Study material Start Marker

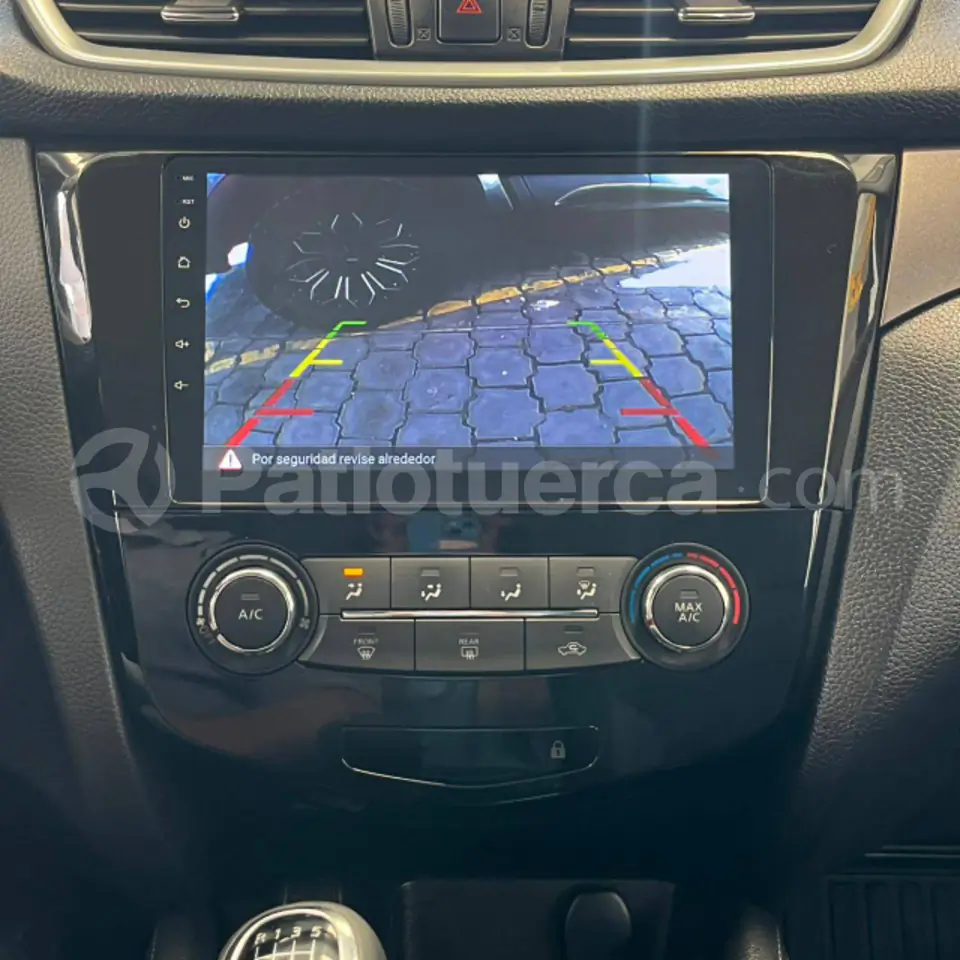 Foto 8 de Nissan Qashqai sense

Study material End Marker
Study material Start Marker

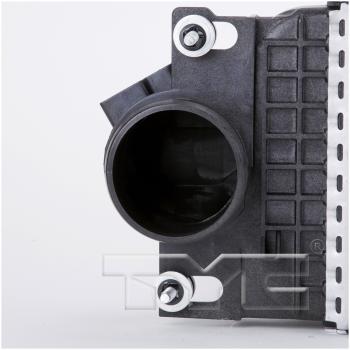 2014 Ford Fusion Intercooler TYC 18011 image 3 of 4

Study material End Marker
Study material Start Marker

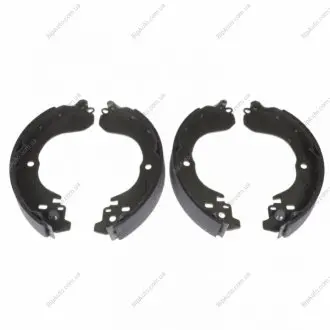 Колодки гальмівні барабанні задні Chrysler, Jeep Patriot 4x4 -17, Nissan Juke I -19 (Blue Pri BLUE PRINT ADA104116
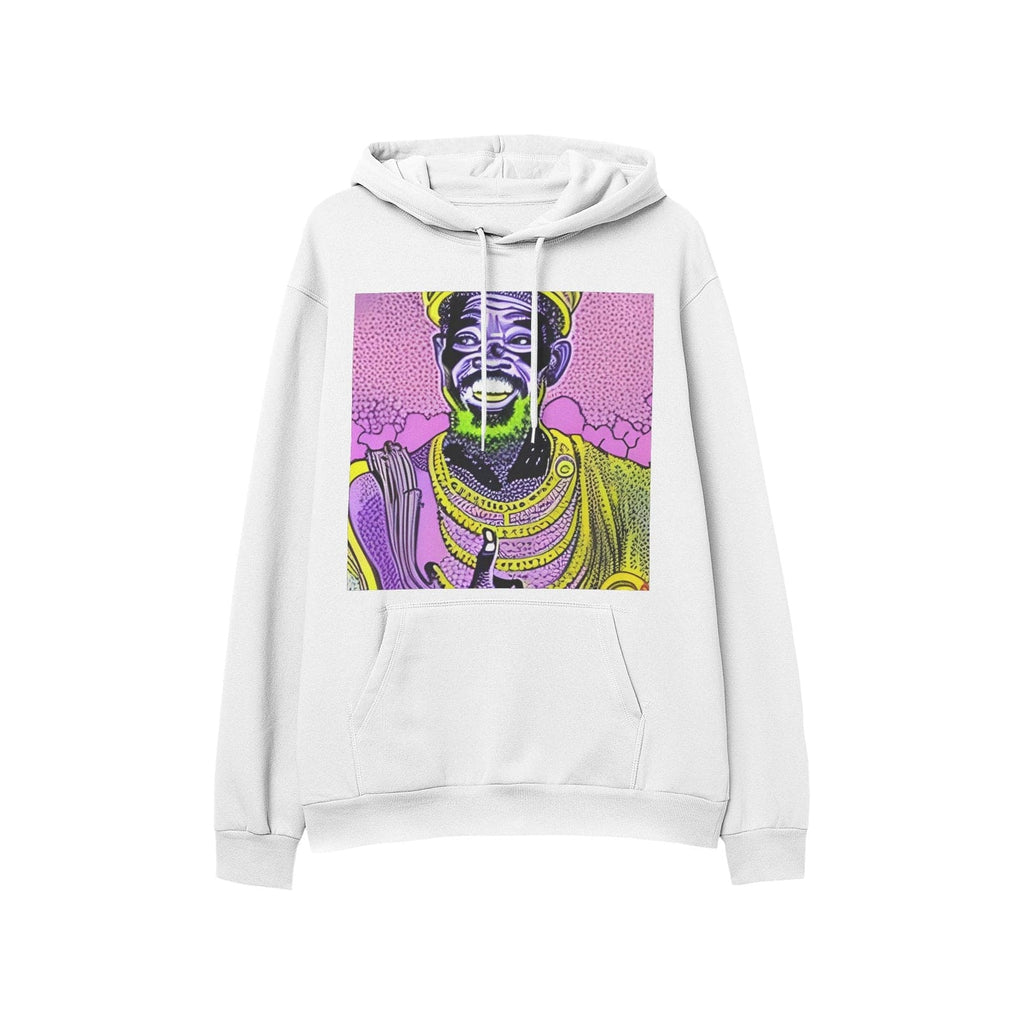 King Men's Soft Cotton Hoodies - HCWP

Study material End Marker

* Work request:
An exact copy is needed of the entries above, starting at the line that holds "Колодки гальмівні барабанні" and stopping at the line that holds "King Men's Soft Cotton Hoodies - HCWP", both kept; pictures stay out.

* Solution:
 Колодки гальмівні барабанні задні Chrysler, Jeep Patriot 4x4 -17, Nissan Juke I -19 (Blue Pri BLUE PRINT ADA104116
 King Men's Soft Cotton Hoodies - HCWP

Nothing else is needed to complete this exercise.